The stagehand who could name a prop without looking
In the theatre store room, my torch died. I grabbed a prop with tiny raised bumps and had to name it fast, just by touch. My fingers bounced around at random, then I held on to the few bumps that felt most telling. Takeaway: a handful of strong touches can still reveal the whole shape.
People used to treat scattered 3D dots like a nuisance. So they’d force them into neat boxes, or turn them into a few flat pictures first. That’s like making me draw the prop on graph paper before I’m allowed to guess. You lose fine bits, and you do extra work.
PointNet goes straight from the dots. It checks each dot with the same little “finger test”, turning it into a few simple signals like edge-ish, corner-ish, flat-ish. Then it uses an order-blind gather: for each signal, it keeps only the strongest one seen anywhere, so shuffling the dots changes nothing.
One snag: the same prop can be turned in your hands. PointNet adds a step that tries to straighten the dots into a familiar pose first, like me turning the prop until it sits right. It’s also kept on a tight lead, so the straightening acts like a clean turn, not a squash or stretch.
That “keep the strongest” trick has a funny side effect. Only a small set of dots can ever win as the strongest signals. They’re like the few fingertip touches that actually convinced me. Drop lots of other dots, or add noisy ones that never beat the winners, and the overall guess often stays steady.

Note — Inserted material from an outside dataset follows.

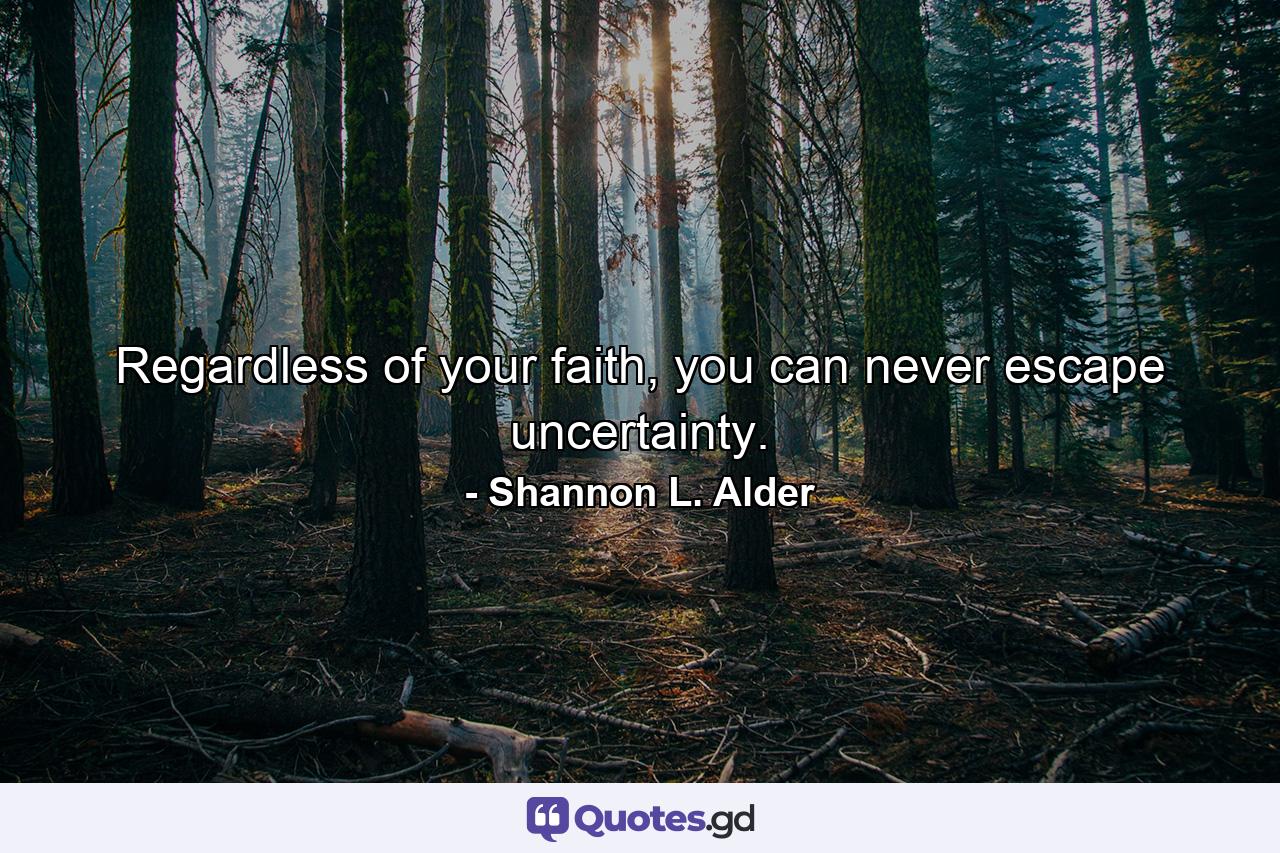 Regardless of your faith, you can never escape uncertainty. - Quote by Shannon L. Alder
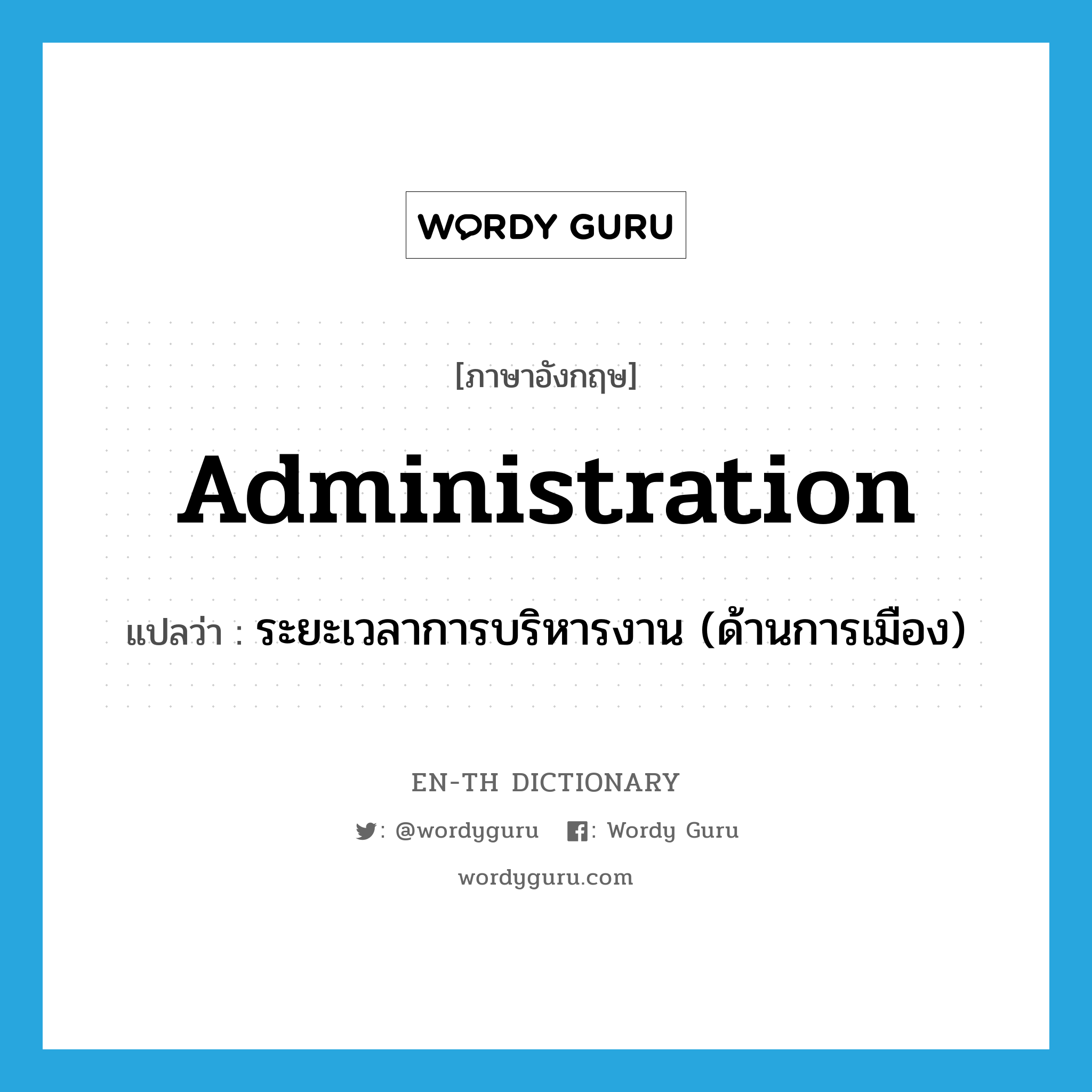 administration แปลว่า?, คำศัพท์ภาษาอังกฤษ administration แปลว่า ระยะเวลาการบริหารงาน (ด้านการเมือง) ประเภท N หมวด N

Once it has a whole-object summary, it can do two jobs. It can name the object, like “chair” or “mug”. Or it can point to parts, by pairing the whole summary with each dot’s local clue, like “this bit is the handle” and “this bit is the leg”, even in a full room scan.
Back in the store room, I didn’t need a perfect drawing or a perfect touch order. I just needed a few standout bumps. That’s the flipped assumption: messy 3D dots don’t have to be forced into tidy grids first. Treat them like an unordered handful, keep the strongest clues, and you can still make solid sense of the shape.